If your vote is simply reflecting the information content already available from the other votes, what have you added?
In that case I don’t have added any information but I also didn’t put any wrong information into the system. In most cases voting will be a combination of adding new information and repeating back information that already available.
It’s not to pat yourself on the back for upvoting useful posts.
While not being the main point of voting, feeling good about upvoting useful post is desirable. Having a sense of community is good. Cooperation among people on LW is good. We don’t want to foster an environment where everyone feels like his on his own but a environment where people feel like they are cooperating with each other.
you shouldn’t be asking “Do I think this post is useful?”, but “Is this post, given the current vote total more likely to be useful than other posts with the same post total?”

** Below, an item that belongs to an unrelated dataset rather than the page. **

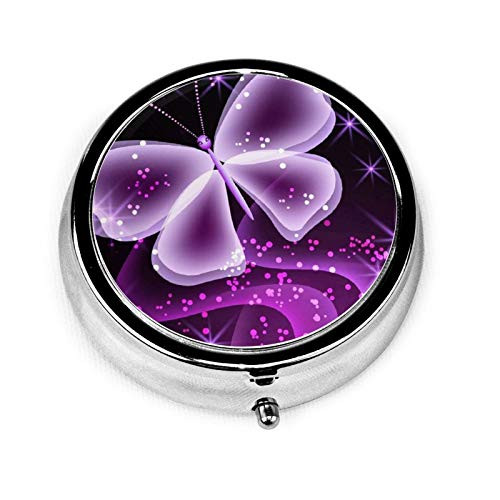Cute Purple Butterfly Pill Box-3 Compartment Medicine Pill Case-Portable Medicine Tablet Vitamin Holder Organizer for Purse Pocket Travel Gifts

I disagree. If a lot of people find a post useful because it helped them, I think that’s a valuable signal for the person who wrote the post. Answering an easy question when voting leads to more voting than asking a more complicated question.
Is the point of karma to provide feedback to the poster or the potential audience? It seems like these are both being used to determine whether to upvote. Maybe there should be explicit;y separate karma scores for different goals.
Perhaps posts should be evaluated on more comprehensive criteria:
Helpful to me
Relative value compared to other posts
Feedback on post quality to author
I’m not really sure where the line is between not enough things to rate and too many though. But I’ve never been comfortable with single number systems.
Let’s say I read a post that’s math heavy. I don’t understand all the math but otherwise the post seems great.
Do I upvote the post?
If the post has 100% upvotes with 3 total votes I will probably upvote. If the post has 100% downvotes with 3 total votes I won’t upvote because it probably means that there’s an error in the math that I don’t see because my math background isn’t as strong as the math background of some other people on LW.
Did the upvotes or downvotes biased me in a negative way just because I changed my behavior? I don’t think so. It provided meaningful information on which I made my decision.
But the point of voting is for you to be a provider of information, not to be a consumer of information. If your vote is simply reflecting the information content already available from the other votes, what have you added? Put in LW terms, your vote should entangled with information unique to you. If the only information it is entangled with is other votes, then you’re just perpetuating an information cascade. This isn’t Hollywood Squares. The point of voting isn’t to “win”. It’s not to pat yourself on the back for upvoting useful posts. It’s to provide people with useful information about whether the post is useful. When you’re deciding whether to upvote, you shouldn’t be asking “Do I think this post is useful?”, but “Is this post, given the current vote total more likely to be useful than other posts with the same post total?”
In that case I don’t have added any information but I also didn’t put any wrong information into the system. In most cases voting will be a combination of adding new information and repeating back information that already available.
While not being the main point of voting, feeling good about upvoting useful post is desirable. Having a sense of community is good. Cooperation among people on LW is good. We don’t want to foster an environment where everyone feels like his on his own but a environment where people feel like they are cooperating with each other.
I disagree. If a lot of people find a post useful because it helped them, I think that’s a valuable signal for the person who wrote the post. Answering an easy question when voting leads to more voting than asking a more complicated question.
You put in the information that there was a forth independent vote, when in fact there wasn’t.
But the upvotes themselves don’t affect how useful the post is, it just affects how useful you think it is.
Is the point of karma to provide feedback to the poster or the potential audience? It seems like these are both being used to determine whether to upvote. Maybe there should be explicit;y separate karma scores for different goals.
Perhaps posts should be evaluated on more comprehensive criteria: Helpful to me Relative value compared to other posts Feedback on post quality to author
I’m not really sure where the line is between not enough things to rate and too many though. But I’ve never been comfortable with single number systems.